It appears to be a fresh combination of existing technologies. You can get off-the-shelf high voltage switching power supplies that are smaller and lighter than conventional power transformers. Output transformer-less (OTL) circuits have been around for decades, as Anacephalic points out. I think that many of the designs are engineering exercises--mental challenges, not necessarily a great leap forward in tone or audio fidelity.
Here's a page on OTL design for the curious:
http://www.tubecad.com/2006/12/blog0093.htm
This guy even sells a board and experimenter's kit so you can build your own OTL amp.
As Johnny Crash says, our ears are trained to the kinds of distortions produced by output transformers, however slight they might be. Audio transformers have been around for 100 years and have gotten rather good. It wouldn't surprise me if the Milbert amp had some voicing in it to tailor the frequency response to players' expectations. Compared to transformers, speakers impose far greater distortions and limitations, so I'm not all that impressed by OTL designs.

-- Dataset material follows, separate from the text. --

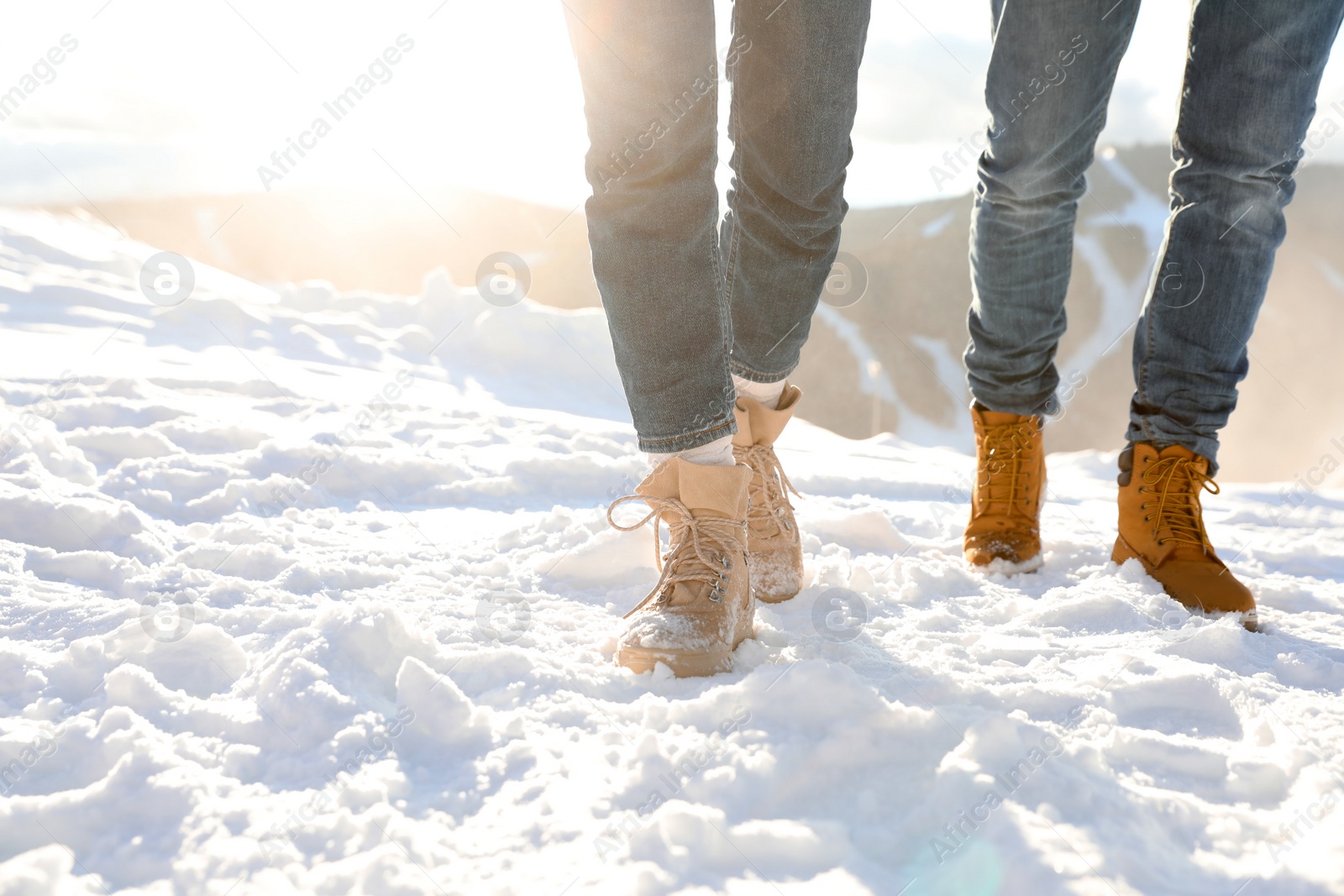 Photo of Couple walking on sunny winter day after snow storm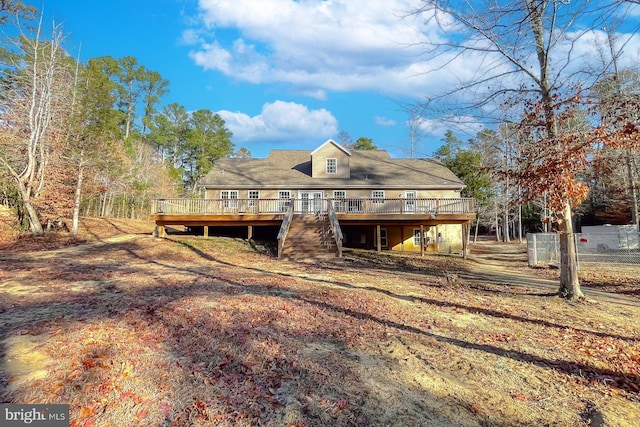 back of house with a deck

The hi-fi megasnob, however, could have a direct-coupled (no capacitors) OTL system driving planar electrostatic speakers for the ultimate in perfection. The technology is wonderful, but insanely expensive.
Today, power transformers, diodes and big electrolytic caps are still less expensive than a 400-500V switching power supply, but who knows, maybe it's time for that technology to trickle down. Ditto for OTL. A 35 lb. Twin Reverb would be pretty cool.